CS 5785 COMBINED-XLIST Applied Machine Learning (2024FA)
Course Description
Provides a broad overview of key concepts across machine learning with a focus on applications. Introduces supervised and unsupervised algorithms including logistic regression, support vector machines, neural networks, Gaussian mixture models, as well as other methods for classification, regression, clustering, and dimensionality reduction. Covers foundational concepts such as maximum likelihood estimation, overfitting, regularization, generative models, latent variables, and non-parametric methods.

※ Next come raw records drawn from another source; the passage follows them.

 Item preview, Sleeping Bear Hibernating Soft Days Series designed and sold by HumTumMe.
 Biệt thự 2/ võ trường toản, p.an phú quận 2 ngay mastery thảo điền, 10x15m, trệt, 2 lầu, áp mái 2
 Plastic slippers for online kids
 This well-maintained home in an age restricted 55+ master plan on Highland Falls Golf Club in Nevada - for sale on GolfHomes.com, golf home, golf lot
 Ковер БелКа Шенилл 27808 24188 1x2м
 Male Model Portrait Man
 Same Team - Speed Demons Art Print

Applications include data analysis on images, text, time series, and other types of data using modern software tools such as numpy, scikit-learn, and keras.
Course Materials
All the lecture materials and executable notebooks will be hosted online:
- Lecture slides and notes (in Jupyter format) are available on Github here: https://github.com/kuleshov/cornell-cs5785-2024-applied-ml
- Lecture notes (compiled into an HTML book) are available here: https://kuleshov-group.github.io/aml-book/intro.html
- These will be receiving a thorough editing pass as the course progresses
- Pre-recorded lecture videos are available on Youtube.
General Information
Instructor: Volodymyr Kuleshov (Cornell Tech) & Brandon Amos (Meta AI Research)
Times: Mon / Wed 2:55pm - 4:10pm Eastern Time.

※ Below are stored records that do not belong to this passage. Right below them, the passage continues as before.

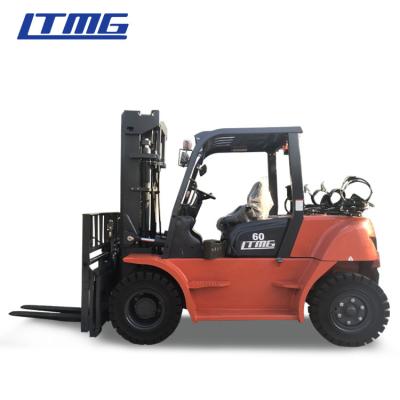 China LTMG FactoryGas Powered Forklift Gasoline Forklift With EPA Engine Te koop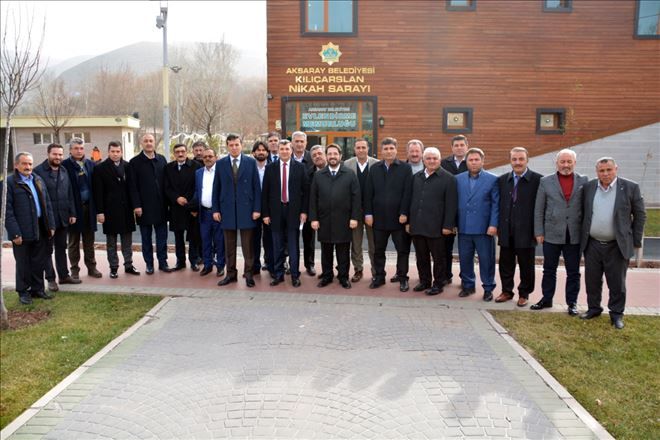 Belediye Başkanları İstişare Toplantısı Yapıldı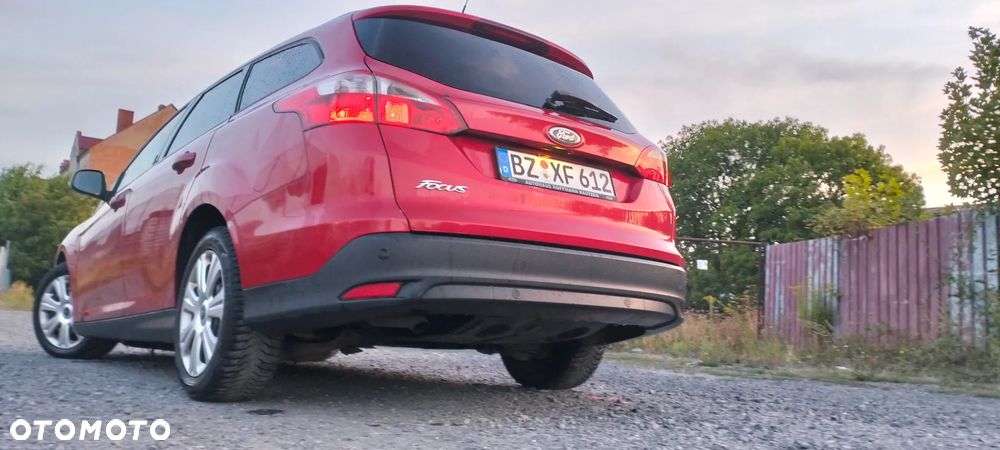 Ford Focus 1.6 TDCi DPF Champions Edition - 21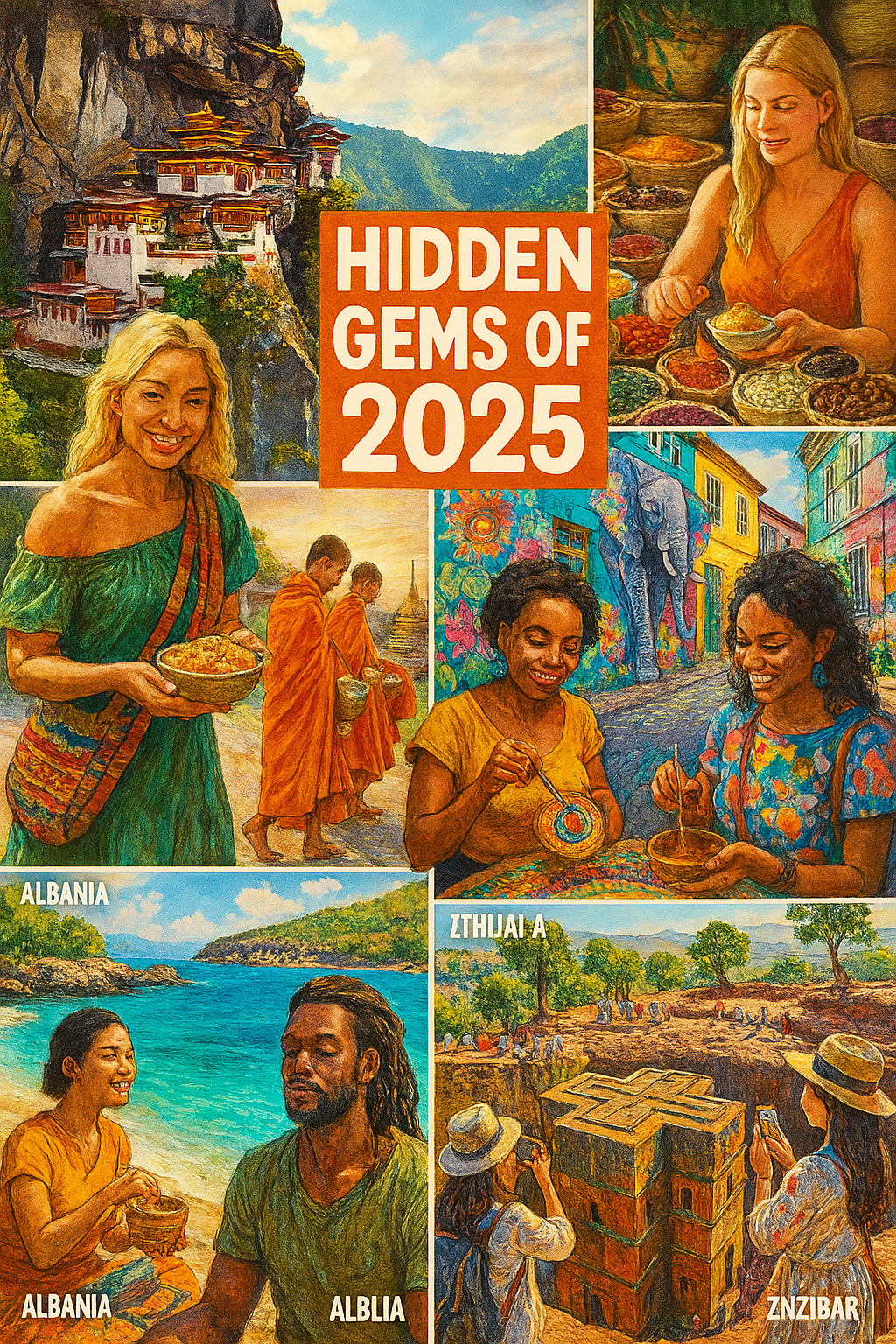 Hidden Gems of 2025: Underrated Travel Destinations Worth Exploring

Location: Bloomberg Center 131.
Attendance policy: Instruction is in-person. Lectures will normally not be streamed over Zoom.
Complete syllabus: https://classes.cornell.edu/browse/roster/FA24/subject/CS
Teaching Staff and Office Hours
This year, the class will be co-taught with Brandon Amos from Meta AI Research. Certain lectures will be given by Volodymyr, and others by Brandon. In October, Brandon will also deliver a block of 4-5 lectures on deep learning, including advanced topics like language modeling, leveraging his experience at Meta.

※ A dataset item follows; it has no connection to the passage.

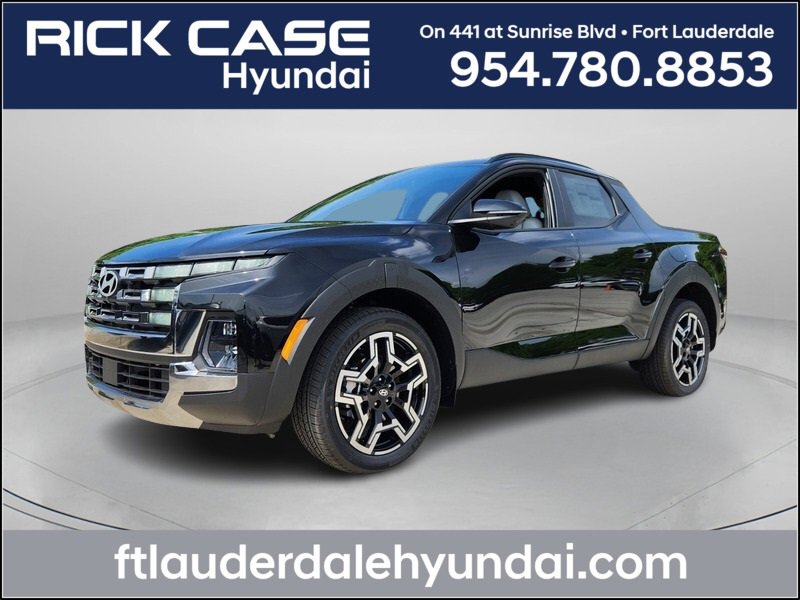 New 2025 Hyundai Santa Cruz Limited image 1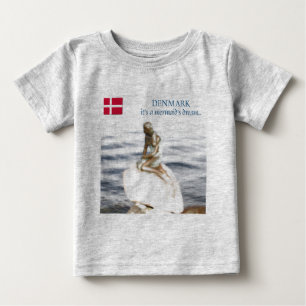 denmark baby T-Shirt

Volodymyr Kuleshov and Brandon Amos (Instructors). Office Hours: Mon/Wed 4:10-4:40pm (after class)
Volodymyr and Brandon will be taking questions in the auditorium after the lecture either in Bloomberg 131 or at the tables outside.
Shachi Deshpande (Head TA). Office hours: Monday 9-10 am, common area outside Bloomberg 131, Email: ssd86@cornell.edu
Yen-Yu Chang (TA). Office Hours: Friday 10-11 am, Bloomberg 360. Email: yc2463@cornell.edu
Guanghan Wang (TA). Office Hours: Thursday 4:30-5:30 pm, Bloomberg 360. Email: gw354@cornell.edu
Preparation
Math. Students need to be comfortable with multivariable calculus, primarily integration and differentiation in multiple dimensions. Course will also require a basic understanding of probability at the level of an introductory undergraduate course. Teaching staff will hold review sessions to cover background material.
Programming. Students should have a basic programming ability. Course will use Python and related data science libraries, including numpy, scipy, scikit-learn, and tensorflow or pytorch. Familiarity with these libraries is preferred, but we expect students to be able to learn parts of these libraries during the course. Teaching staff will hold review sessions to cover background material.
Prerequisites. Programming experience (ideally Python; Cornell CS 1110 or equivalent). Linear algebra. (Cornell MATH 2210, MATH 4310 or equivalent). Statistics and probability. (Cornell STSCI 2100 or equivalent)
Textbooks and Other Materials
- Textbooks (Optional)
- T. Hastie, R. Tibshirani and J. Friedman, The Elements of Statistical Learning: Data Mining, Inference, and Prediction (2nd edition), Springer-Verlag, 2008. (available for free)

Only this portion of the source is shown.